* [Exercise details]
Return each record word for word, keeping none of its pictures.

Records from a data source

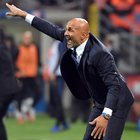 Inter, Spalletti: «Ha vinto chi ha giocato meglio, ma Nainggolan salta il Barcellona»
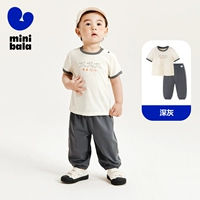 Темно -серой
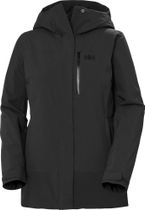 W Snowplay Long INS Jacket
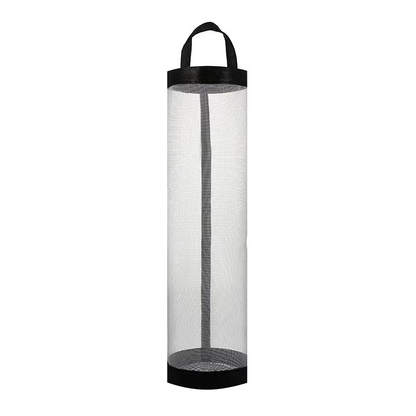 Trash Bag Dispenser and Kitchen Storage Container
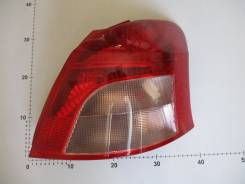 Стоп-сигнал. Toyota Vitz, KSP90, NCP91, NCP95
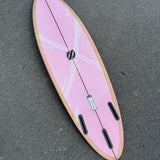 5'8" Aurora (Used)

* [Exercise solution]
 Inter, Spalletti: «Ha vinto chi ha giocato meglio, ma Nainggolan salta il Barcellona»
 Темно -серой
 W Snowplay Long INS Jacket
 Trash Bag Dispenser and Kitchen Storage Container
 Стоп-сигнал. Toyota Vitz, KSP90, NCP91, NCP95
 5'8" Aurora (Used)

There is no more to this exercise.